Early retirement or redundancy can sharply increase the likelihood that men in their 50s will spend their old age in poverty. But the long-term effects on income of leaving the labour market before age 60 vary widely between different occupational groups.
A study for the Joseph Rowntree Foundation suggests that men who have spent most of their working lives in occupations such as clerical or sales, skilled crafts, and personal or protective services (ranging from police constables and paramedics to waiters) may be especially vulnerable if they stop work early. By contrast, low rates of participation in the labour market between 50 and 60 appear to make little difference to the chances of being poor in old age for women or also for men who worked in managerial, professional or manual occupations.
The researchers from the Institute for Social and Economic Research at the University of Essex analysed data gathered throughout the 1990s as part of the British Household Panel Survey. This showed a rise in employment rates among women aged 50–54, while rates among men stabilised after falling steeply during the 1980s.
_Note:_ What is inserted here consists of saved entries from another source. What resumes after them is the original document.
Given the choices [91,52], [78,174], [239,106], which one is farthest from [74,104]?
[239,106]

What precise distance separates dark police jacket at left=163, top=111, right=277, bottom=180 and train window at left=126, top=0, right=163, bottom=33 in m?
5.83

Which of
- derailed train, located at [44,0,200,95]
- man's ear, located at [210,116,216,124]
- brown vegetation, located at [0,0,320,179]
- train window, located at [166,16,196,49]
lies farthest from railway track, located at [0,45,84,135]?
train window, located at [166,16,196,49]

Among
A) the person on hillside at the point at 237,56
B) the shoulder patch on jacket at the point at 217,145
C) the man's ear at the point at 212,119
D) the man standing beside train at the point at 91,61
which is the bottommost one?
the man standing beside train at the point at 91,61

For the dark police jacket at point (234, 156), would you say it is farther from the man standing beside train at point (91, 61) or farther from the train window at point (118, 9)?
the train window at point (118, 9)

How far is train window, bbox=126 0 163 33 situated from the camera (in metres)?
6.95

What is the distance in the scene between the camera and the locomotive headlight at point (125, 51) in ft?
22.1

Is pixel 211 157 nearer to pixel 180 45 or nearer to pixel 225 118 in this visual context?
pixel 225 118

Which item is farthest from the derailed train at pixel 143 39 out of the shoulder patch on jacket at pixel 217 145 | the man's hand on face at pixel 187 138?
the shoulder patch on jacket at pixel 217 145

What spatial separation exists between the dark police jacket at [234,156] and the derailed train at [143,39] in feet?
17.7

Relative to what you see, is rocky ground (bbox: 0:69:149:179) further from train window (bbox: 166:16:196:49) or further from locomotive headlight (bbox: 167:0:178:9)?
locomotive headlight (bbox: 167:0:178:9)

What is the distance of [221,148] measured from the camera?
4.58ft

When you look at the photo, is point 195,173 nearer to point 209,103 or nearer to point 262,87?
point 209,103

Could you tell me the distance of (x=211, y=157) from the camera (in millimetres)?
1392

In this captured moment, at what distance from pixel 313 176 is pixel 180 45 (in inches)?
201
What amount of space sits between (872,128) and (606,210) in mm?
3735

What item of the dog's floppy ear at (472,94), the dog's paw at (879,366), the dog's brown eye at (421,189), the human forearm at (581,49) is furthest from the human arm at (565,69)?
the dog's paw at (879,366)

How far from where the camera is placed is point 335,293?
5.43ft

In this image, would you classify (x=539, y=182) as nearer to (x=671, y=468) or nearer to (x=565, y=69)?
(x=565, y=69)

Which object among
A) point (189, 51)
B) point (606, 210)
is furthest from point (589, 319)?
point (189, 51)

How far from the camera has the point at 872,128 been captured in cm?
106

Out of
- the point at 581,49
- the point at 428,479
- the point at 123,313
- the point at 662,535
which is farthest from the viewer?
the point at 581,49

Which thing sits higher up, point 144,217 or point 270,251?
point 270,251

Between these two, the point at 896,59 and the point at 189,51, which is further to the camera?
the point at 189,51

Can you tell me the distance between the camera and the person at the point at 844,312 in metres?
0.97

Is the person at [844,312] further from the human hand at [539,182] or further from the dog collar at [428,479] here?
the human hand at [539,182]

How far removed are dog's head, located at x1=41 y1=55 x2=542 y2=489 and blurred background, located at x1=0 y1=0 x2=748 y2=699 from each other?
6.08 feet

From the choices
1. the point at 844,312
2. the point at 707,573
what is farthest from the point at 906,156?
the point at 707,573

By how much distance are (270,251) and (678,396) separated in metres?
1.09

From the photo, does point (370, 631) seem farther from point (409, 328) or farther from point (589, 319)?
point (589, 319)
However, the income gap between older people retiring on occupational and personal pensions and those who had to rely on state pensions and benefits remained substantial.
The study found that the risks of having a low income after 60 (defined as being among the poorest third of the 60+ population) were strongly related to occupational group and continuity of employment between 20 and 60. Not surprisingly, women who had worked in managerial, professional, and clerical occupations were less likely to be poor, as were men from professional and clerical backgrounds.
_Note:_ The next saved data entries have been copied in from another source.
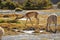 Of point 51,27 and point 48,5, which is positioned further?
point 48,5

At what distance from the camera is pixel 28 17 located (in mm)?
25766

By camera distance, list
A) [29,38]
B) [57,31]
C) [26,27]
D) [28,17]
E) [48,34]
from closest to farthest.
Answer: [29,38]
[48,34]
[57,31]
[26,27]
[28,17]

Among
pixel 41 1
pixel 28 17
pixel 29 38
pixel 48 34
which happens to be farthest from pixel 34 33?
pixel 41 1

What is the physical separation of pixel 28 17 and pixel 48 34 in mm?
6290

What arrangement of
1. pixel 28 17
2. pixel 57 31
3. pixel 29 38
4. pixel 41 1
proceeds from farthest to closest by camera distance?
pixel 41 1
pixel 28 17
pixel 57 31
pixel 29 38

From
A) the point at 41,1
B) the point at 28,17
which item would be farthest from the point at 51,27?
the point at 41,1

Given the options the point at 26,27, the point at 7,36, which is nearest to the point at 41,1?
the point at 26,27

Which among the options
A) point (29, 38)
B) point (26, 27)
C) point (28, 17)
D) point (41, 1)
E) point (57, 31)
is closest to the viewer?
point (29, 38)

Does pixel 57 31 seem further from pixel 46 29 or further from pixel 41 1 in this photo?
pixel 41 1

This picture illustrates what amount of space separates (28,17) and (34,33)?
18.5 feet

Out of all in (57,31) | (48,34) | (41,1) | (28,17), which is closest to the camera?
(48,34)

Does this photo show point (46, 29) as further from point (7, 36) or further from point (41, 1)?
point (41, 1)

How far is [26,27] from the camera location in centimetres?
2275

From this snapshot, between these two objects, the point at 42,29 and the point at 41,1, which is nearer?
the point at 42,29
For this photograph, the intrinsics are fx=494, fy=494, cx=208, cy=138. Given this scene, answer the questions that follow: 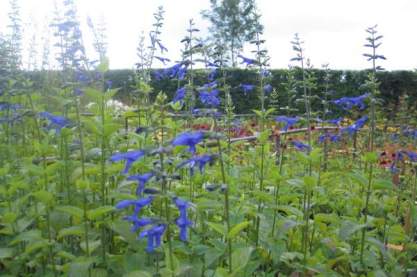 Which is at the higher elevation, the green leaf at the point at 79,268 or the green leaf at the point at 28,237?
the green leaf at the point at 28,237

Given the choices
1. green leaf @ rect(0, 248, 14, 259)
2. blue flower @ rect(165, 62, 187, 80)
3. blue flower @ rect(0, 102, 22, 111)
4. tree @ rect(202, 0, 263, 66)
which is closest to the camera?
green leaf @ rect(0, 248, 14, 259)

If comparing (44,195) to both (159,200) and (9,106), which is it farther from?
(9,106)

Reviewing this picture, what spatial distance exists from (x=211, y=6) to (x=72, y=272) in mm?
54694

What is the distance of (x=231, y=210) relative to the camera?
3.45 meters

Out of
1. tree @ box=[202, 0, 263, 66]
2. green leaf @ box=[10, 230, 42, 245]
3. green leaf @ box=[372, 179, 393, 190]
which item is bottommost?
green leaf @ box=[10, 230, 42, 245]

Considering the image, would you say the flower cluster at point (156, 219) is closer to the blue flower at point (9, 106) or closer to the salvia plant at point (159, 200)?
the salvia plant at point (159, 200)

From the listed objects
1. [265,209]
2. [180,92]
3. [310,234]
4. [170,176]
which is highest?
[180,92]

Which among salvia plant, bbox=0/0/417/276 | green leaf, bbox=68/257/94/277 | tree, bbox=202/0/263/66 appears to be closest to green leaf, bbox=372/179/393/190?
salvia plant, bbox=0/0/417/276

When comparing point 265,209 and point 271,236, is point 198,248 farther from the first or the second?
point 265,209

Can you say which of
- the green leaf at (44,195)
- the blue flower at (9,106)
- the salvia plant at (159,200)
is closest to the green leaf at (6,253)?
the salvia plant at (159,200)

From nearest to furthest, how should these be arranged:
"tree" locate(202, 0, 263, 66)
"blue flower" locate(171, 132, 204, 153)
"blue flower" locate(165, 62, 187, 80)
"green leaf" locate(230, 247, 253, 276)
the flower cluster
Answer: the flower cluster, "blue flower" locate(171, 132, 204, 153), "green leaf" locate(230, 247, 253, 276), "blue flower" locate(165, 62, 187, 80), "tree" locate(202, 0, 263, 66)

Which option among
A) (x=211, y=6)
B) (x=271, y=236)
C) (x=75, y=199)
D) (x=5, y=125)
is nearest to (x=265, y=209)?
(x=271, y=236)

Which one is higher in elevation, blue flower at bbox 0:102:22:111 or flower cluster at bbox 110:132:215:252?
blue flower at bbox 0:102:22:111

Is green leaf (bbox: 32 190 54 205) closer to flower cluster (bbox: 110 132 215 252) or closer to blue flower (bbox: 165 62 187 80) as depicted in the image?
flower cluster (bbox: 110 132 215 252) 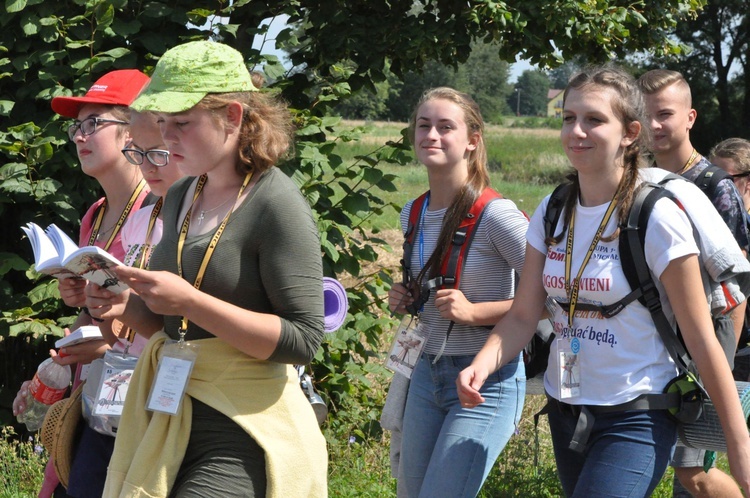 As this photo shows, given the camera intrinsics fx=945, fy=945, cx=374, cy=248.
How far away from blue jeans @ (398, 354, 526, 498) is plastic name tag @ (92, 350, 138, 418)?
3.62 feet

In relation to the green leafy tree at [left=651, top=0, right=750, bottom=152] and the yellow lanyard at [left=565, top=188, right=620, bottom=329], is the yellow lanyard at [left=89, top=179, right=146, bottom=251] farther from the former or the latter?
the green leafy tree at [left=651, top=0, right=750, bottom=152]

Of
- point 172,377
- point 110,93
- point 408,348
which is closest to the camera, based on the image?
point 172,377

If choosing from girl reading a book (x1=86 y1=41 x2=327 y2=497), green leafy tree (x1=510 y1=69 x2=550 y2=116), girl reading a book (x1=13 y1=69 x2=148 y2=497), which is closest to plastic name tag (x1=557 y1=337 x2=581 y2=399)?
girl reading a book (x1=86 y1=41 x2=327 y2=497)

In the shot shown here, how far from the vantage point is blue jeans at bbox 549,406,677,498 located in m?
2.75

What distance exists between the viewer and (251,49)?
5.20m

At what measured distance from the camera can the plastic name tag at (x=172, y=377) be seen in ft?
7.73

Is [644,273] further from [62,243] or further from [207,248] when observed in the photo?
[62,243]

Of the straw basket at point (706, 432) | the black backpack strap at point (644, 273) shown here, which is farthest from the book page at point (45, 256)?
the straw basket at point (706, 432)

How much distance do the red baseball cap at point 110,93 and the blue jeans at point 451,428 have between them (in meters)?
1.48

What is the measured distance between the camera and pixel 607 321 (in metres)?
2.83

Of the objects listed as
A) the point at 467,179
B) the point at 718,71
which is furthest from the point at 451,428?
the point at 718,71

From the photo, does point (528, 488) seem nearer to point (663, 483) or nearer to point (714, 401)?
point (663, 483)

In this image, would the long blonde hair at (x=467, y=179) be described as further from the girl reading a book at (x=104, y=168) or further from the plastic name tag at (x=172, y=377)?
the plastic name tag at (x=172, y=377)

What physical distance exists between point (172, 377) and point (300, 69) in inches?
134
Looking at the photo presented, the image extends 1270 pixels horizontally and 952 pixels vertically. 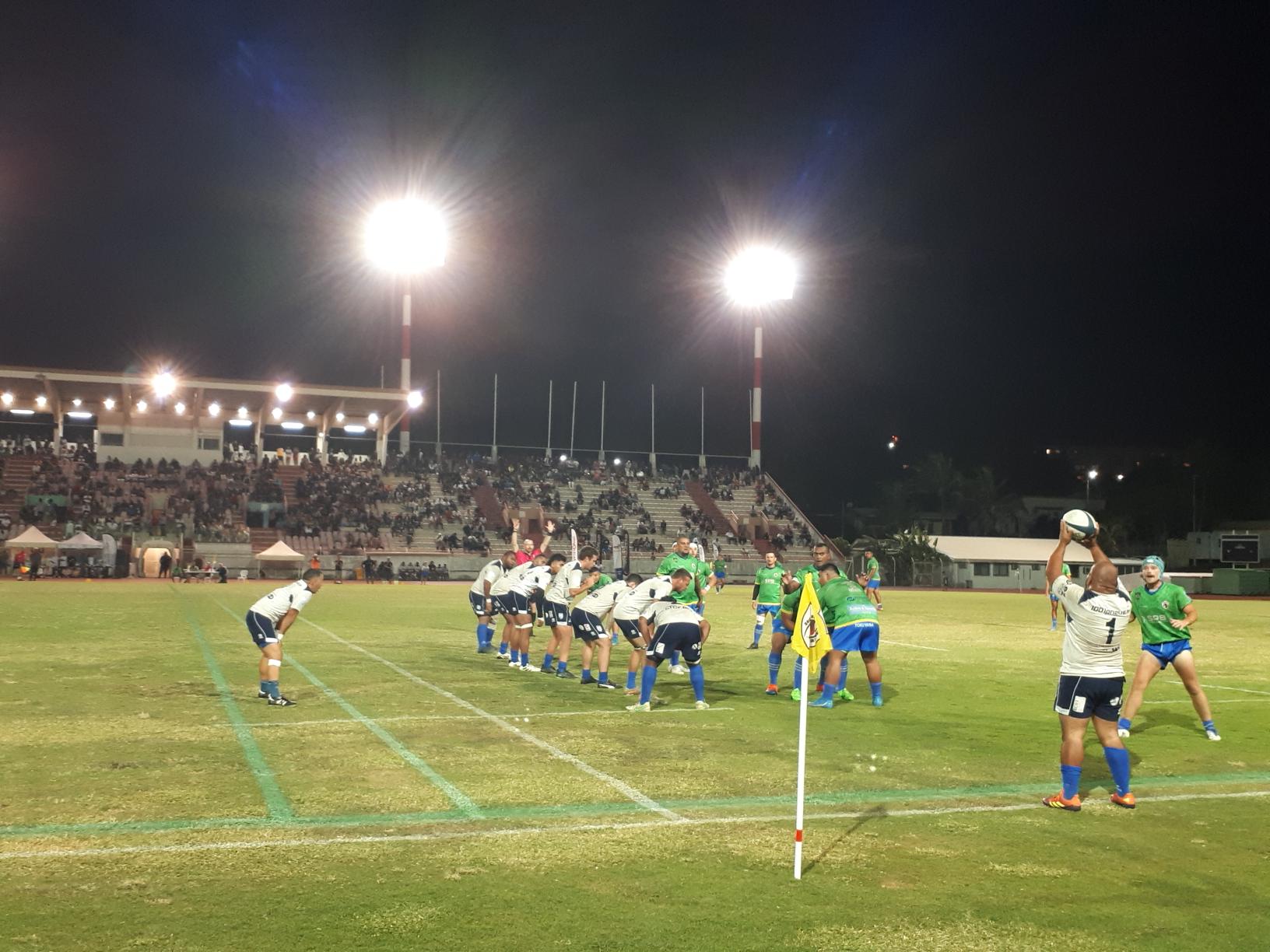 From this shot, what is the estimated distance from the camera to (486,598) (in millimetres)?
18469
However, further analysis revealed that the advantage enjoyed by men in some white-collar occupations could be substantially reduced by an early exit from the labour market. For example, the probability that men who had worked for 30 years or more in personal and protective services would have a low income when 60+ was only 9 per cent if they worked throughout their 50s. But for those who worked for fewer than five years during their 50s, the probability was as high as 67 per cent.
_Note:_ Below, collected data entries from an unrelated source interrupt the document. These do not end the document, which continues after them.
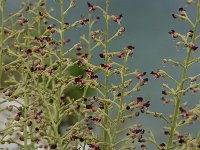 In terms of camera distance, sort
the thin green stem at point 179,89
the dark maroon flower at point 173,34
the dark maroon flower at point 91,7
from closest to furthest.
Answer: the thin green stem at point 179,89 < the dark maroon flower at point 173,34 < the dark maroon flower at point 91,7

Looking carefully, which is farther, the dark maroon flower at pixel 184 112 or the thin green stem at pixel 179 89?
the thin green stem at pixel 179 89

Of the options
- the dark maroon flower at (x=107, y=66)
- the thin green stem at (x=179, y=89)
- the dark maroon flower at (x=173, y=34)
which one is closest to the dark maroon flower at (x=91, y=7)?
the dark maroon flower at (x=107, y=66)

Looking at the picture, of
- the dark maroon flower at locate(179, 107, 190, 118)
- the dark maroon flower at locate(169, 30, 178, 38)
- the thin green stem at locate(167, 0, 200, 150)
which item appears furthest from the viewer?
the dark maroon flower at locate(169, 30, 178, 38)

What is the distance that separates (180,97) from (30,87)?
2.55m

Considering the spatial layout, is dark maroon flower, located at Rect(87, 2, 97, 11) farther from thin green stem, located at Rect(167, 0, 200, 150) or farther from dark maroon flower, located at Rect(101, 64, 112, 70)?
thin green stem, located at Rect(167, 0, 200, 150)

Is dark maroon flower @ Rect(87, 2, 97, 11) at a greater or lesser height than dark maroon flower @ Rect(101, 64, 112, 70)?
greater

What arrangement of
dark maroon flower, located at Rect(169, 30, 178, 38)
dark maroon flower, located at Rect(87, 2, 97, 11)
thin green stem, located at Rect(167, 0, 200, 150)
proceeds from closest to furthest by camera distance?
thin green stem, located at Rect(167, 0, 200, 150)
dark maroon flower, located at Rect(169, 30, 178, 38)
dark maroon flower, located at Rect(87, 2, 97, 11)

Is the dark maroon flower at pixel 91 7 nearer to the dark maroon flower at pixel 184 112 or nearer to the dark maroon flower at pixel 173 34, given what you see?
the dark maroon flower at pixel 173 34

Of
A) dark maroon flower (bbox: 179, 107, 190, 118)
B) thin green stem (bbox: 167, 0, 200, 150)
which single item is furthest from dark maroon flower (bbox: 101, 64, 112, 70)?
dark maroon flower (bbox: 179, 107, 190, 118)

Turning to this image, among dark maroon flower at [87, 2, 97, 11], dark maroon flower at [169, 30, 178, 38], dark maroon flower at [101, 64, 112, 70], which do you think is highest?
dark maroon flower at [87, 2, 97, 11]

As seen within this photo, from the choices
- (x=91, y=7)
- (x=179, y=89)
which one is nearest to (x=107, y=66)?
(x=179, y=89)

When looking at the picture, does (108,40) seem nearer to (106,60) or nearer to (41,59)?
(106,60)

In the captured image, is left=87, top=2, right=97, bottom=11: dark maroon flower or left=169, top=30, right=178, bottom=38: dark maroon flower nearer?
left=169, top=30, right=178, bottom=38: dark maroon flower

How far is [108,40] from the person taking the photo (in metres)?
10.1
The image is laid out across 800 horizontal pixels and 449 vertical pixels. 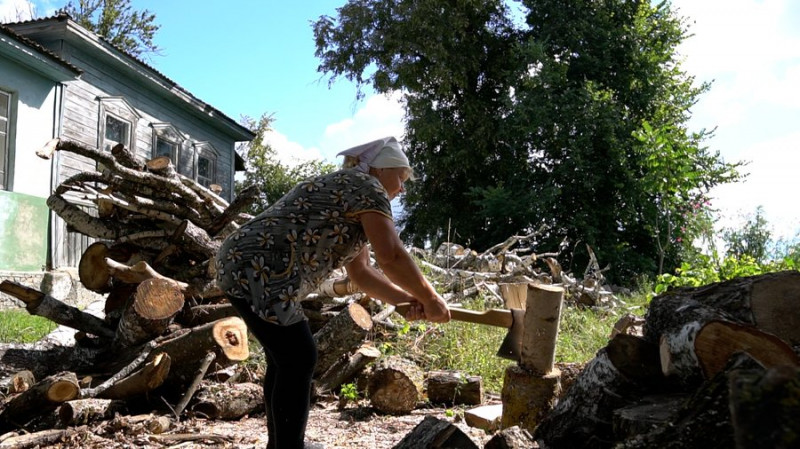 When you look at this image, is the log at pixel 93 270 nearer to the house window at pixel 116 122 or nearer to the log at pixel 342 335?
the log at pixel 342 335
The authors argue that reduced opportunities to amass savings and pension entitlement were unlikely to have been the only reason that stopping work in their 50s led to a low income when aged 60+. Many of the men affected may also have been low earners within their occupational group and, as such, more likely to lose their jobs.
They also suggest that the lack of association between women’s poverty in old age and early labour market exit in their 50s was because intermittent labour attachment was a characteristic feature of their whole working life (e.g. breaks from paid work for child care and other reasons), not only in their 50s. By contrast, work attachment for most men only became intermittent in their 50s. What was particularly relevant for the chances that a woman over 60 would be relatively poor was her household type and marital status. Women without a partner, especially those who were divorced, had a substantially higher risk of low incomes than those who were married or cohabiting.
Dr. Elena Bardasi, co-author of the report, said: “These results suggest that, for many women, having a partner with a good working history still makes more difference to their income after retirement than their own working histories. The findings also underline the importance of measures to enable men and women to make better provision for their old age and accumulate assets during their working lives in the form of savings or pension rights. While women’s participation in the labour market over their whole working lives will affect the adequacy of their retirement incomes, our study shows that policy measures to tackle pensioner poverty that focus on early withdrawal from the labour market will make the greatest difference to men.”